« Balance ton CE… » : des enseignants déposeront les CEB, CESS et CE1D corrigés mais non encodés devant le cabinet de la ministre – BruxellesToday

Les épreuves externes, CEB, CESS et CE1D, se tiendront du 18 juin au 25 juin. Un collectif d’enseignants lance une action symbolique visant à apporter ces épreuves corrigées mais non encodées devant le cabinet de la ministre de l’Enseignement pour dénoncer les réformes.

Alors que les épreuves de CEB, CESS et CE1D démarrent ce jeudi en Fédération Wallonie-Bruxelles malgré les nombreux appels à leur annulation, les enseignants préparent déjà la riposte. 

Un collectif d’enseignants de la Fédération Wallonie-Bruxelles (FWB) appelle à une action symbolique le mercredi 1er juillet à 14h30, place Surlet de Chokier à Bruxelles. Baptisée « Balance ton CE…b, 1d, SS », l’initiative invite les enseignants à déposer physiquement leurs copies d’épreuves externes non encodées devant le cabinet de la ministre de l’Éducation, Valérie Glatigny. Le mouvement a notamment été relayé par le collectif Mars Attacks.
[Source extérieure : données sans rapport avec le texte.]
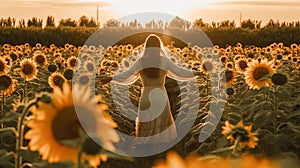 Wide angle image of girl in a beautiful dress in a sunflower field in golden light at sunset. View from behind, no face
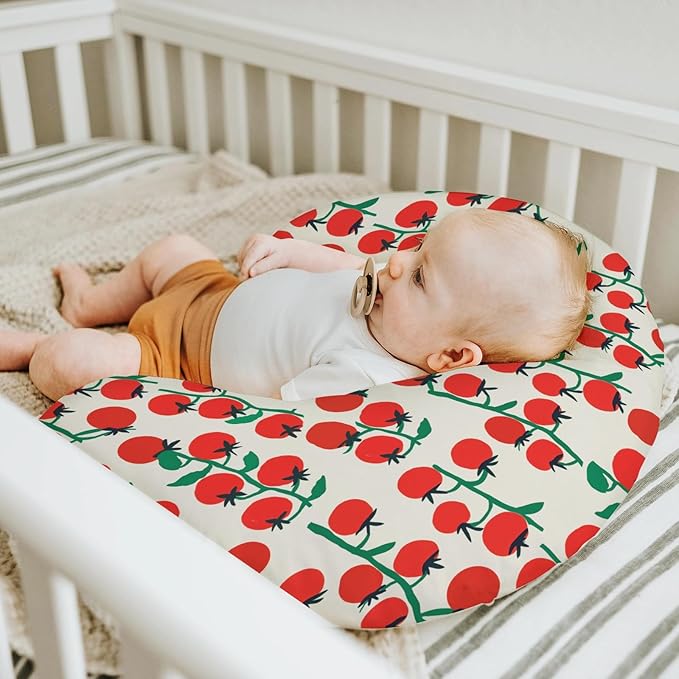 Sweet Red Tomatoes Nursing Pillow Covers for Boy Girl Cute Cherry Tomato Nursing Pillow Slipcovers for Breastfeeding Pillows Red Summer Tomato Fruit Soft Stretchy Removable Cover for Newborn Infant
L’action s’inscrit dans le prolongement d’un mouvement de contestation plus large au sein du corps enseignant, qui s’oppose aux mesures d’économies adoptées le 4 juin dernier par la majorité MR-Engagés au Parlement de la FWB. Les organisateurs dénoncent ces mesures à la fois sur le fond estimant qu’elles fragilisent les élèves les plus précarisés et témoignent d’une méconnaissance du métier et sur la forme, déplorant l’absence de concertation sociale et un décret voté en urgence.

L’encodage dénoncé

Concrètement, les enseignants participants sont invités à apporter leurs copies du CEB, du CE1D ou du CESS corrigées et photocopiées, et à les déposer dans des cartons devant le cabinet. Le refus d’encoder les résultats dans les grilles transmises à l’administration est au cœur de la mobilisation : les organisateurs qualifient cette tâche de charge purement administrative, sans utilité pédagogique, destinée uniquement à alimenter des statistiques de la FWB. Une manière donc de protester, sans impacter les élèves puisque les copies seront corrigées et les résultats transmis.

Plusieurs modalités sont proposées aux participants : ne pas encoder du tout, encoder hors délai, ou encore encoder des résultats erronés. Les organisateurs précisent toutefois que chaque enseignant reste libre d’agir selon ses convictions, en accord avec sa direction et son pouvoir organisateur. Les enseignants souhaitant encoder les épreuves sont aussi les bienvenus à l’action.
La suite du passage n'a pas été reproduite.